#### [What is required]
Retype the entries below word for word, leaving out every picture.

Segment Start: Material for this task

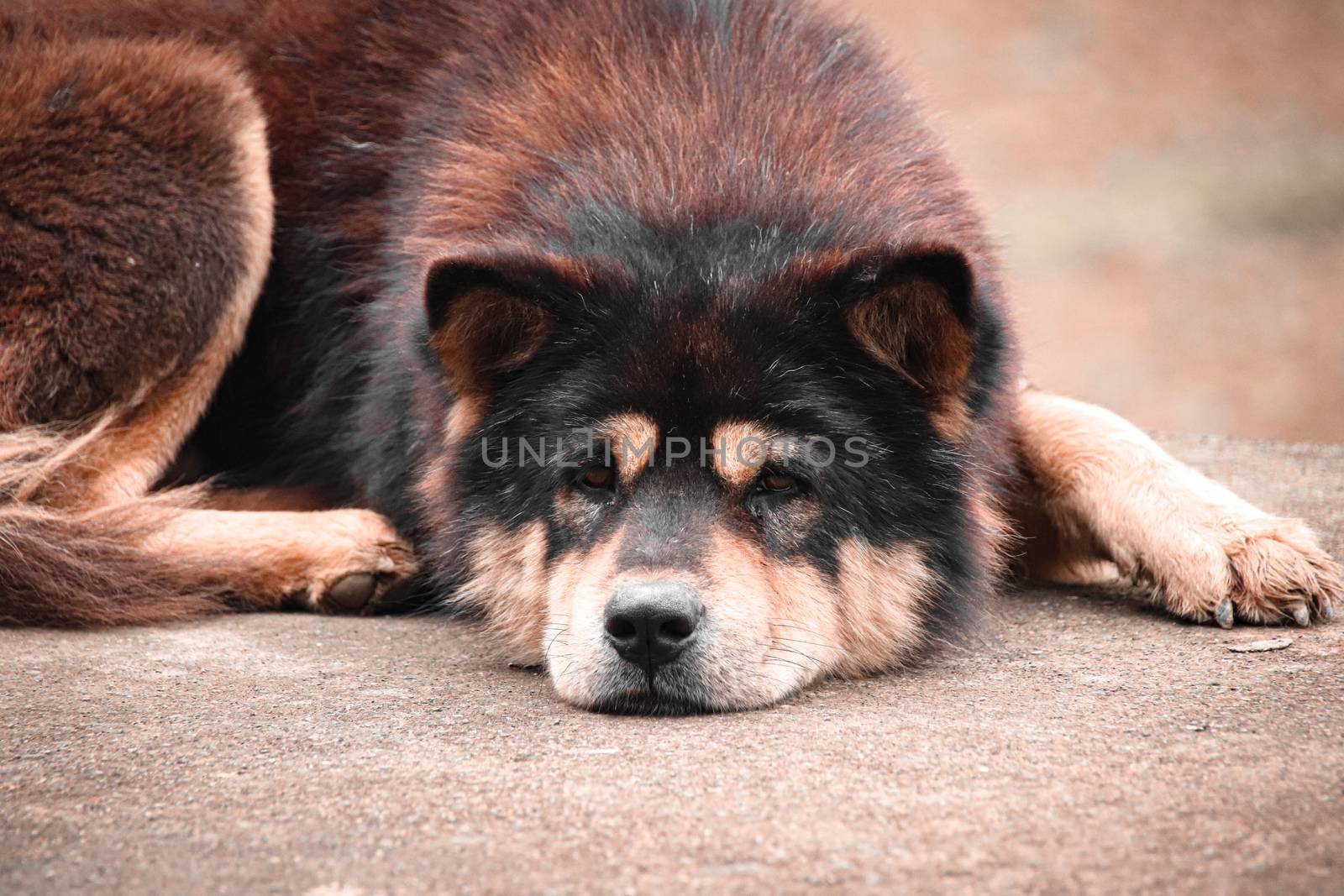 A Hmong Dog or Hmong Dock Tailed Dog, native breed of canine in North Vietnam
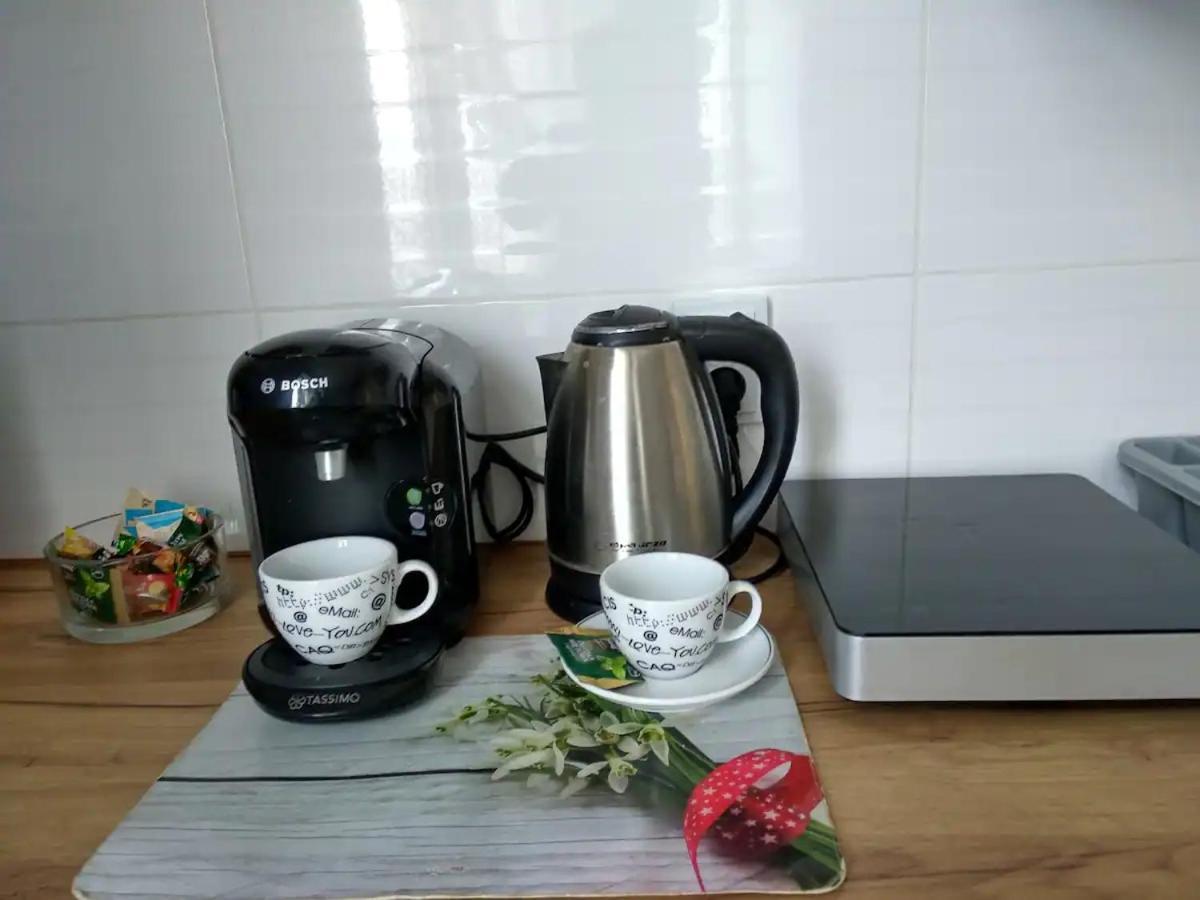 Apartament Przy Synagodze Przemyśl Kültér fotó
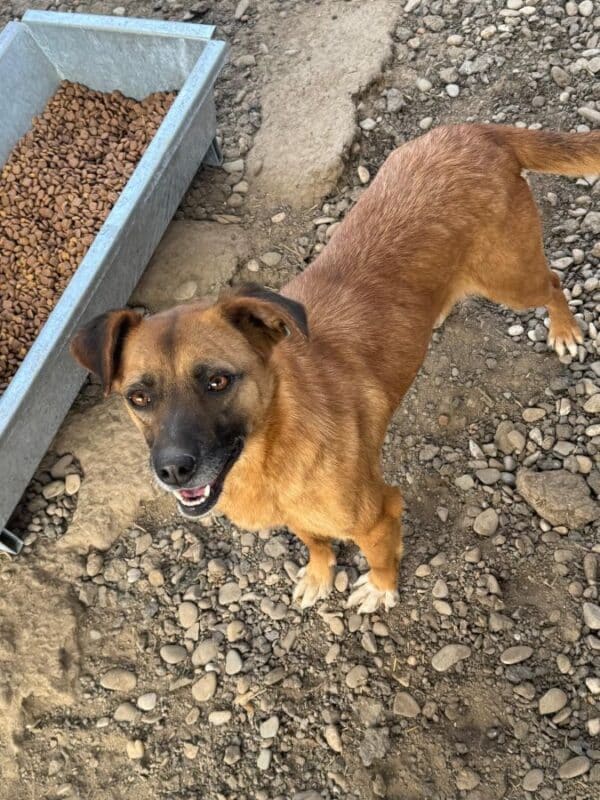 HELIA (♀) - ausgereist zu Tiere in Not Odenwald (PM) – Bild 3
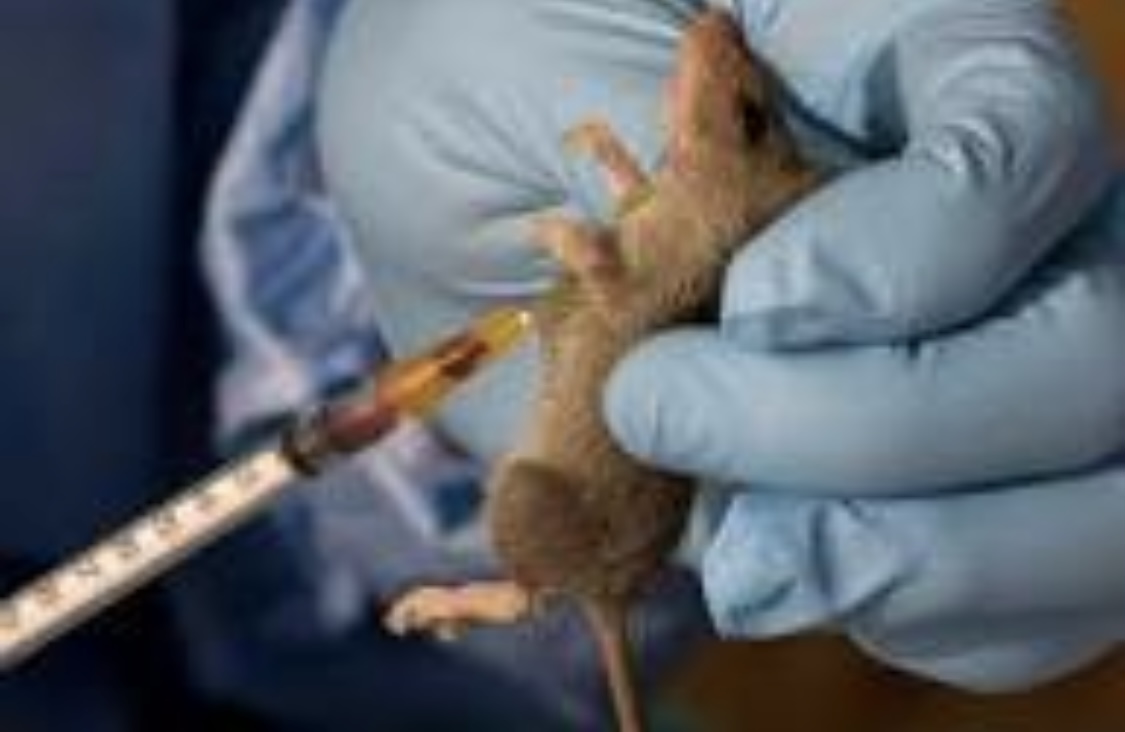 Lassa Fever Claims 15 Lives In Edo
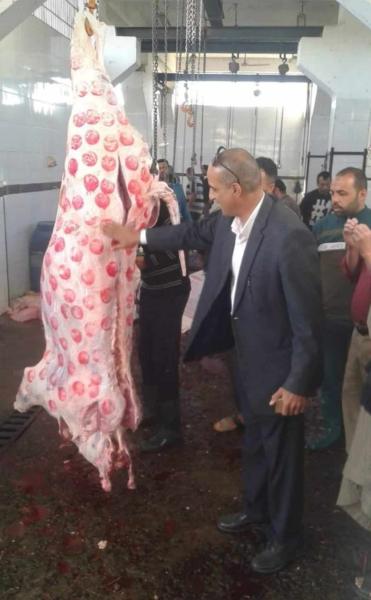 المنيا: ذبح 853 رأس ماشية بالمجان فى مجازر المحافظة وحملات بيطرية للتفتيش على الأسواق خلال العيد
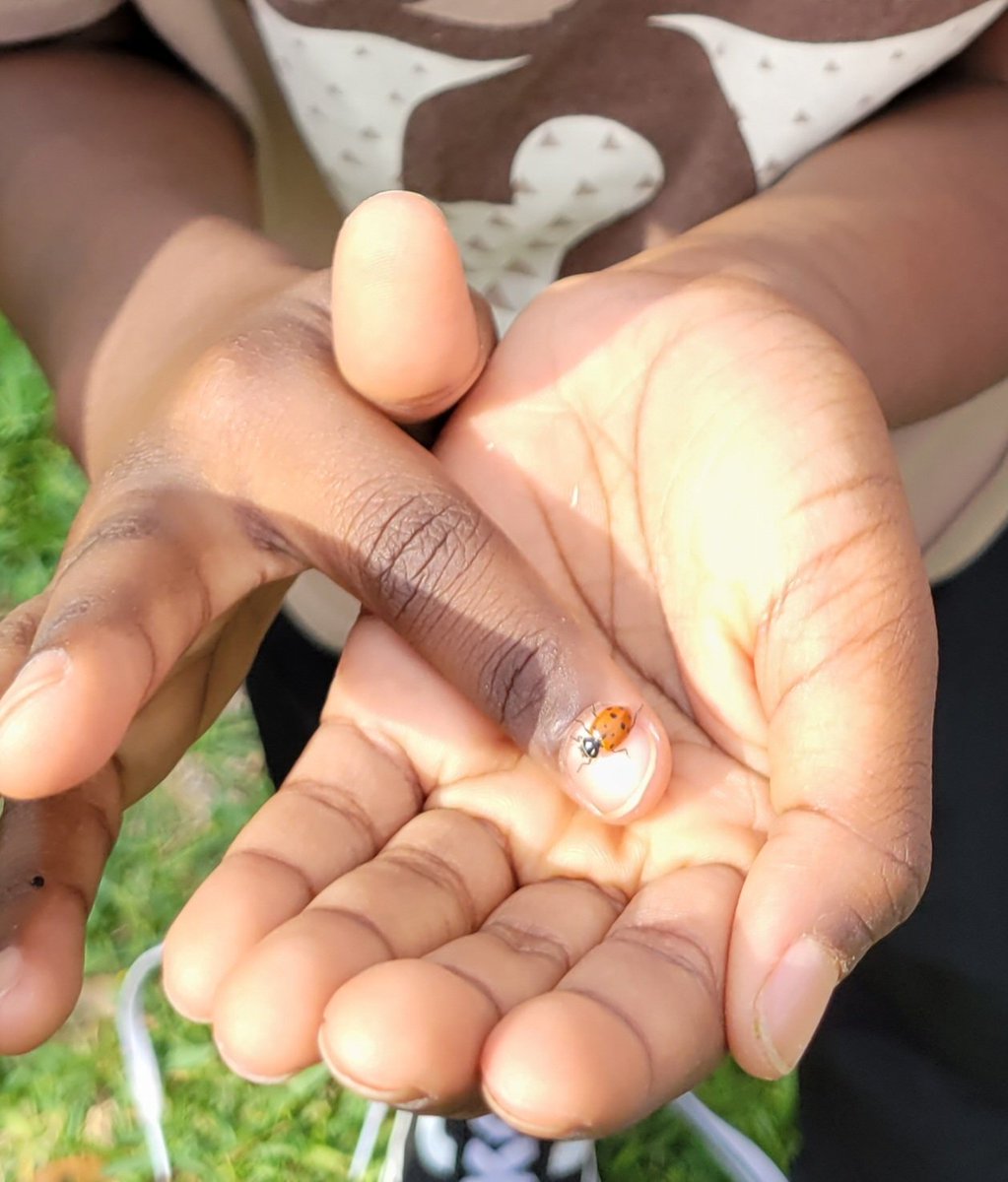 PackerRTGG (@packerrtgg) on Twitter photo Magical moments with <a href="/RobisonES/">Robison ES</a> today! Second graders have made friends with our favorite beneficial garden insect, the ladybug.<a href="/RobisonElemPTO/">Robison Elem PTO</a> <a href="/readygrowgarden/">Ready to Grow Garden</a> Magical moments with <a href="/RobisonES/">Robison ES</a> today! Second graders have made friends with our favorite beneficial garden insect, the ladybug.<a href="/RobisonElemPTO/">Robison Elem PTO</a> <a href="/readygrowgarden/">Ready to Grow Garden</a>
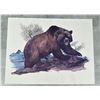 Image 1 : Dorman Grizzly Bear Print University of Montana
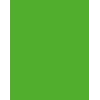 Folia 614/50 55 - Grün - Uni - A4 (210 x 297 mm) - 300 g/m² - 50 Blatt - Deutschland
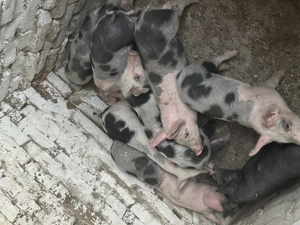 Purcei foarte frumoși  - imagine 4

Segment End: Material for this task

#### [Answer to the problem]
 A Hmong Dog or Hmong Dock Tailed Dog, native breed of canine in North Vietnam
 Apartament Przy Synagodze Przemyśl Kültér fotó
 HELIA (♀) - ausgereist zu Tiere in Not Odenwald (PM) – Bild 3
 Lassa Fever Claims 15 Lives In Edo
 المنيا: ذبح 853 رأس ماشية بالمجان فى مجازر المحافظة وحملات بيطرية للتفتيش على الأسواق خلال العيد
 PackerRTGG (@packerrtgg) on Twitter photo Magical moments with <a href="/RobisonES/">Robison ES</a> today! Second graders have made friends with our favorite beneficial garden insect, the ladybug.<a href="/RobisonElemPTO/">Robison Elem PTO</a> <a href="/readygrowgarden/">Ready to Grow Garden</a> Magical moments with <a href="/RobisonES/">Robison ES</a> today! Second graders have made friends with our favorite beneficial garden insect, the ladybug.<a href="/RobisonElemPTO/">Robison Elem PTO</a> <a href="/readygrowgarden/">Ready to Grow Garden</a>
 Image 1 : Dorman Grizzly Bear Print University of Montana
 Folia 614/50 55 - Grün - Uni - A4 (210 x 297 mm) - 300 g/m² - 50 Blatt - Deutschland
 Purcei foarte frumoși  - imagine 4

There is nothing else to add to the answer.